== PROBLEM REQUIREMENTS ==
Below are some records; quote exactly the lines from the one that contains "Property building, Natural" through the one that contains "Sunset and Evening", inclusive, and no others.
(RECORDS PROVIDED Opens)
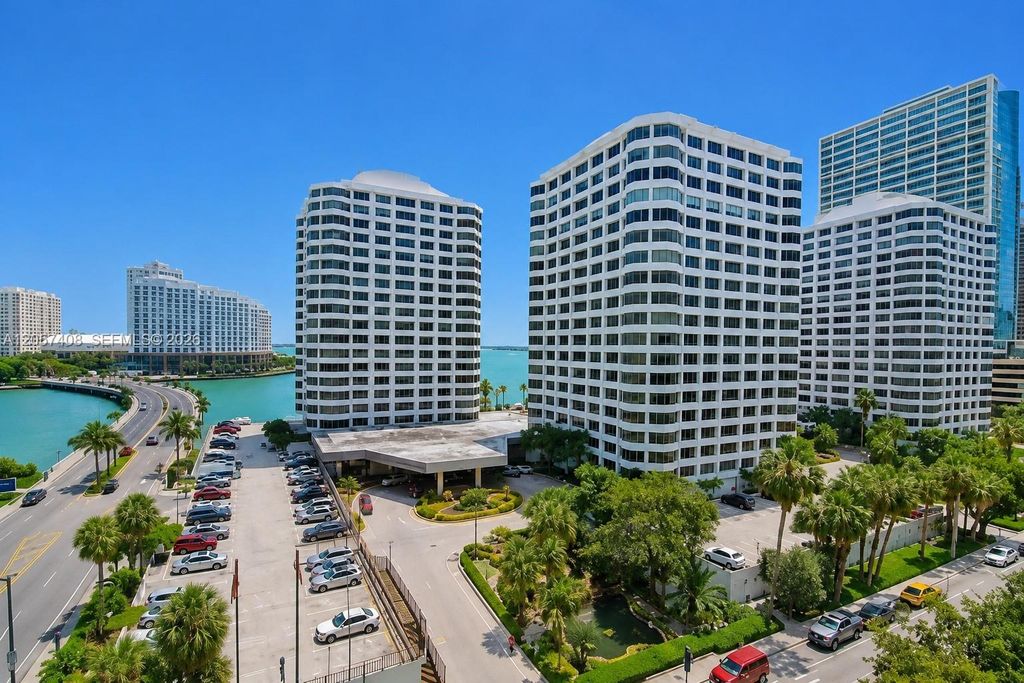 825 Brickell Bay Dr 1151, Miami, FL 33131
(RECORDS PROVIDED Closes)
(RECORDS PROVIDED Opens)
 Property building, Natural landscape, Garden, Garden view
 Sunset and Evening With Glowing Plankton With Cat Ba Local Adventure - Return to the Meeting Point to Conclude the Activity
(RECORDS PROVIDED Closes)
== ANSWER SECTION ==
 Property building, Natural landscape, Garden, Garden view
 Sunset and Evening With Glowing Plankton With Cat Ba Local Adventure - Return to the Meeting Point to Conclude the Activity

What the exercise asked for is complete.